» **ENTRIES SHOWN**:
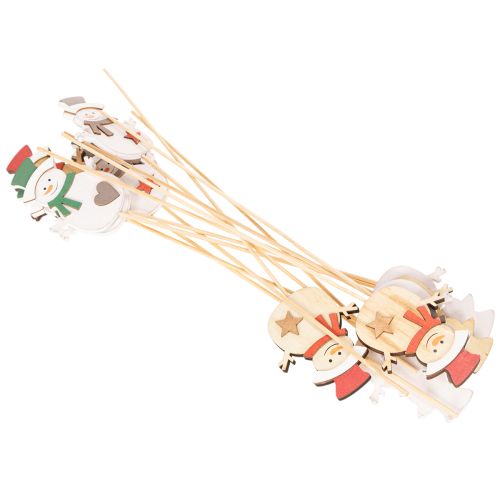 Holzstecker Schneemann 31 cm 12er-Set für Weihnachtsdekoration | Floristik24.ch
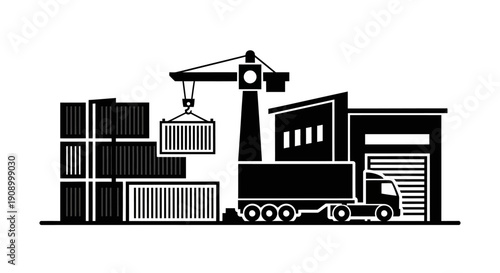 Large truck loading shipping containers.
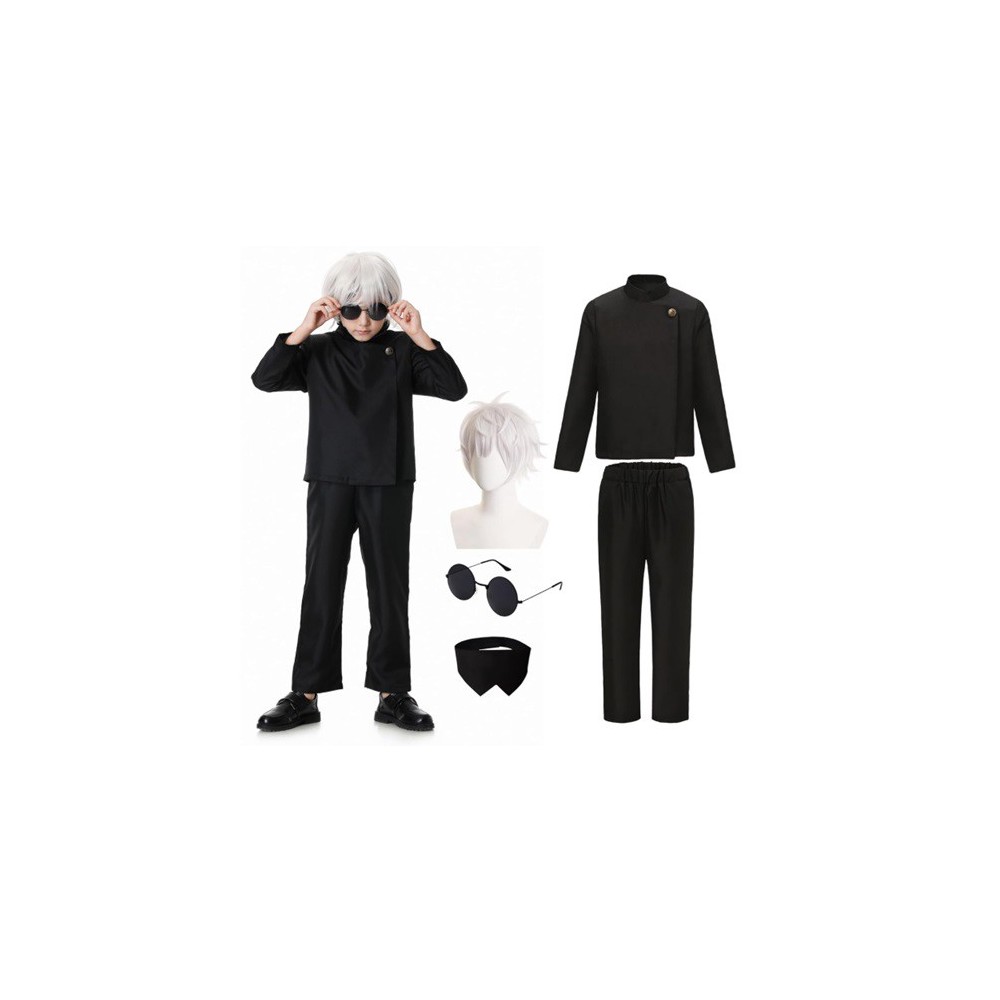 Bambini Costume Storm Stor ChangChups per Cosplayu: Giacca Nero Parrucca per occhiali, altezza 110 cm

* * *

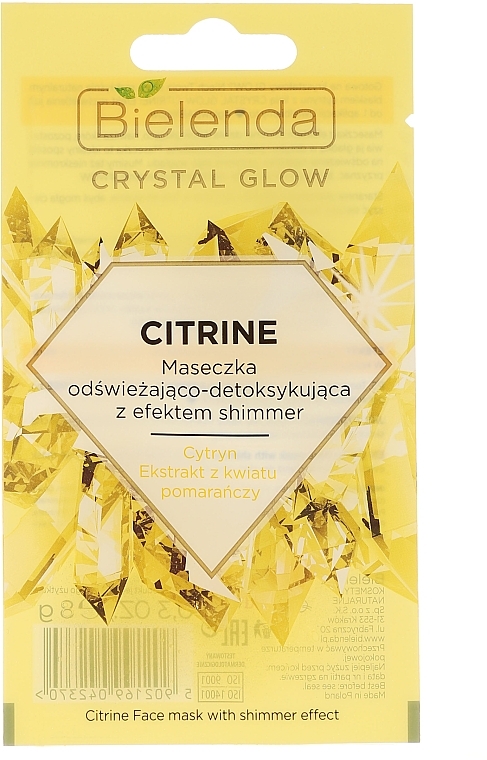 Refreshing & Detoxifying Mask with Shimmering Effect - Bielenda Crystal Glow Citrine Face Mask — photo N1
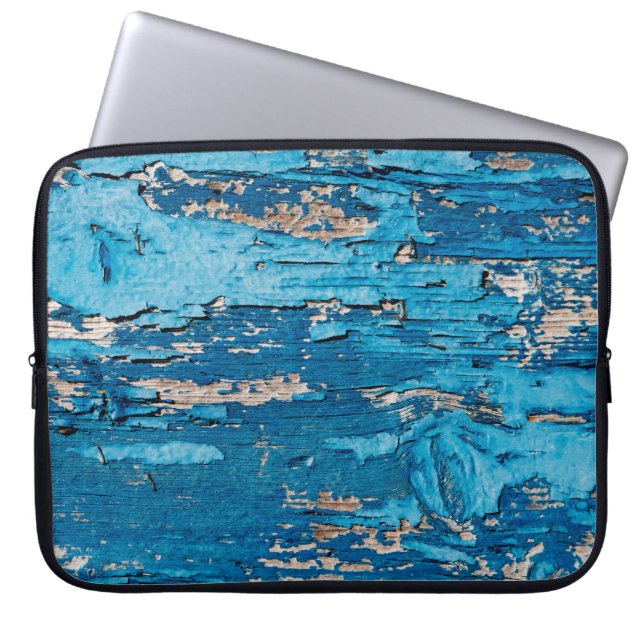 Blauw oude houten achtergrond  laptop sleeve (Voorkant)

» **WHAT YOU HAVE TO DO**: The answer must be the part of the records that opens with the line containing "Holzstecker Schneemann 31" and closes with the line containing "Bambini Costume Storm", reproduced exactly, with no pictures.

» **YOUR SOLUTION**:
 Holzstecker Schneemann 31 cm 12er-Set für Weihnachtsdekoration | Floristik24.ch
 Large truck loading shipping containers.
 Bambini Costume Storm Stor ChangChups per Cosplayu: Giacca Nero Parrucca per occhiali, altezza 110 cm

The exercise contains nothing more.